Esta carrera la ganará un equipo que realmente tienda puentes entre ambos mundos, en el que un CEO tecnológico no intente ser todo a la vez: ingeniero, icono de la moda, experto en el negocio de la moda, director creativo y diseñador.
Uno de los problemas subyacentes es el ego.

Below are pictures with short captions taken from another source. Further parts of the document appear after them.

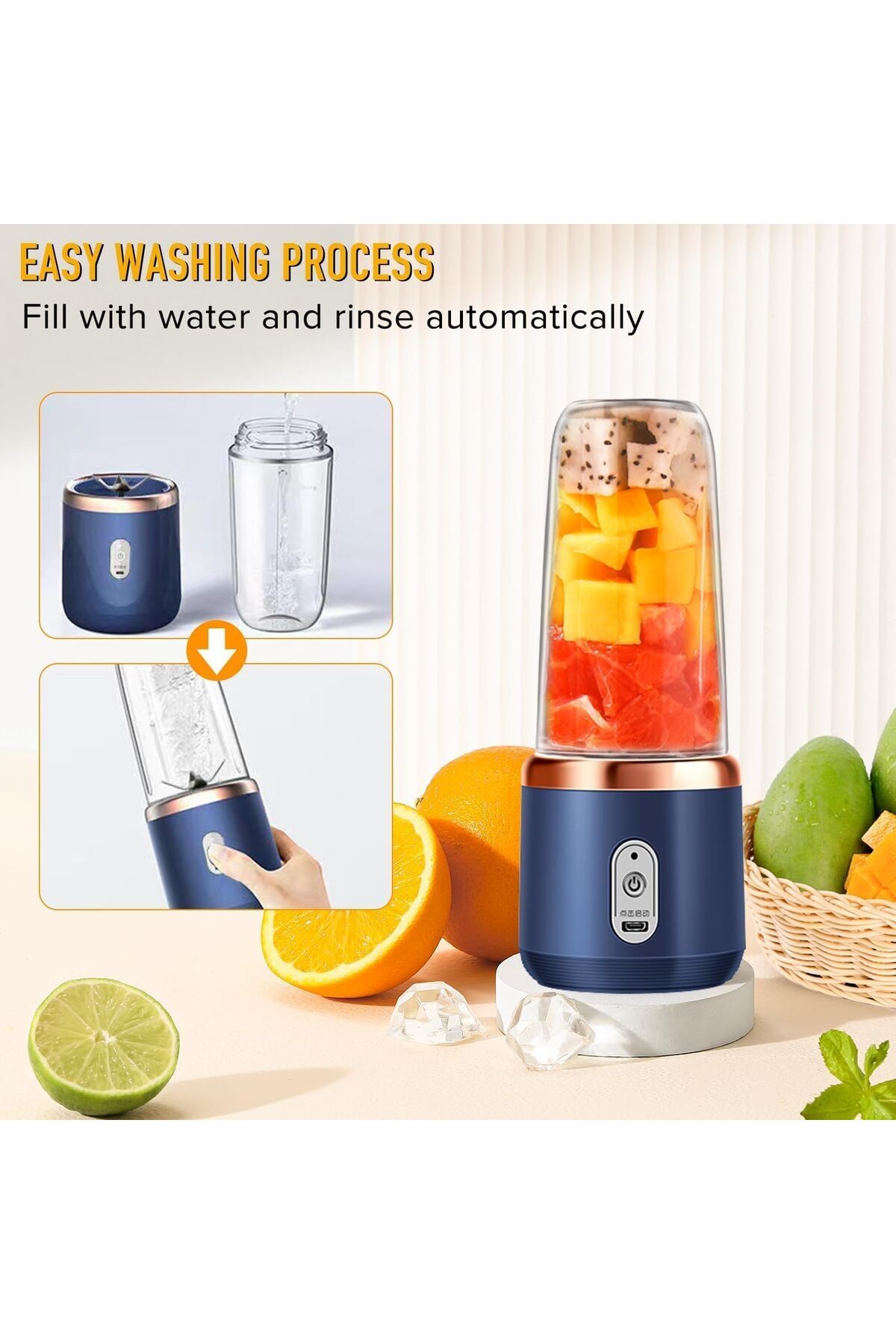 erorex-400Ml Compact Portable Blender Additional Lid, Personal Size Blender Juicer Cup --Go Convenience 6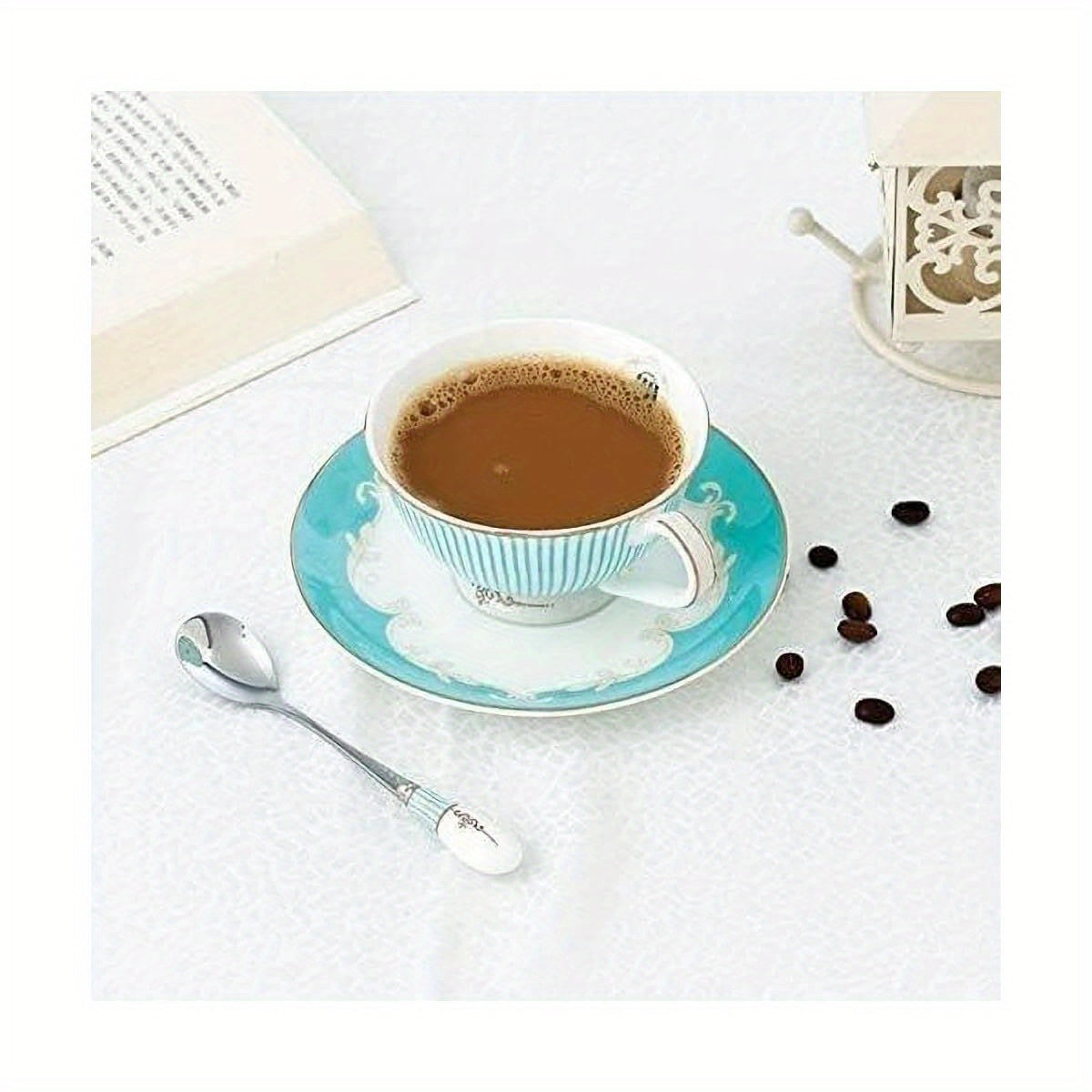 Elegant Blue & White Porcelain Tea Cup and Saucer Set - Bone China, Ideal for Breakfast or Afternoon Tea, with Floral Design, Perfect for Coffee or Tea Lovers, Tea Cup Set|Floral Pattern Cup|Porcelain Materia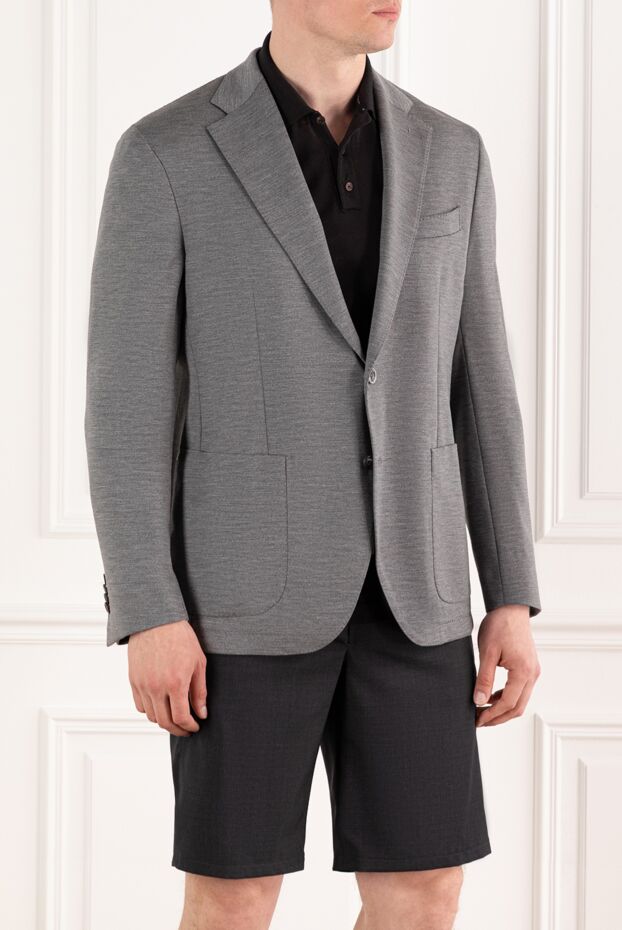 Sartoria Latorre gray men's single-breasted wool and cotton jacket 188100 - photo 3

Porque mientras que la codificación puede aprenderse, la intuición creativa es algo con lo que se nace. Es como la de un pintor, un escultor, un escritor o un director: profundamente humana, instintiva e imposible de reproducir. Ni siquiera la IA puede sustituir ese sentido creativo interior.
Al final, esta carrera no la ganarán ni la tecnología pura ni la moda pura, sino quienes entiendan y respeten de verdad ambas: la precisión de la tecnología y la intuición de la creatividad.
Lo que viene después (y por qué es necesario fracasar)
Las gafas inteligentes no desaparecerán.
Pero su forma actual fracasará.
Y ese fracaso es necesario.
Porque antes de que las gafas inteligentes se conviertan en imprescindibles, deben ocurrir tres cosas:
- Integración cultural - las gafas deben volver a ser identitarias
- Invisibilidad tecnológica - diseño sin concesiones visibles
- Necesidad funcional - deben sustituir, no complementar, al teléfono
Hasta entonces, todos los lanzamientos parecerán prematuros.
Cada producto se sentirá incompleto.
Todos los usuarios se sentirán poco convencidos.
Reflexión final
La industria no es precoz.
Es demasiado pronto fingiendo estar listo.
Y hasta que la tecnología aprenda a respetar la cultura y no sólo a ingeniárselas... las gafas inteligentes seguirán siendo exactamente lo que son hoy: experimentos caros que la gente olvida que compró.
Casi con toda seguridad, en los próximos 15-20 años, quizá incluso antes, el smartphone será sustituido por las gafas. Muchas marcas de gafas desaparecerán; algunas de las que definirán ese futuro están naciendo ahora mismo, mientras que otras se adaptarán.
Pero para que este futuro funcione de verdad, debe haber diversidad más allá de dos opciones o ecosistemas dominantes como vemos hoy en la industria de los smartphones.
Y ese futuro depende de las startups, de los creadores independientes de gafas y, sobre todo, de la existencia de una economía independiente sana en la que las boutiques puedan evolucionar y vender no sólo gafas, sino cultura.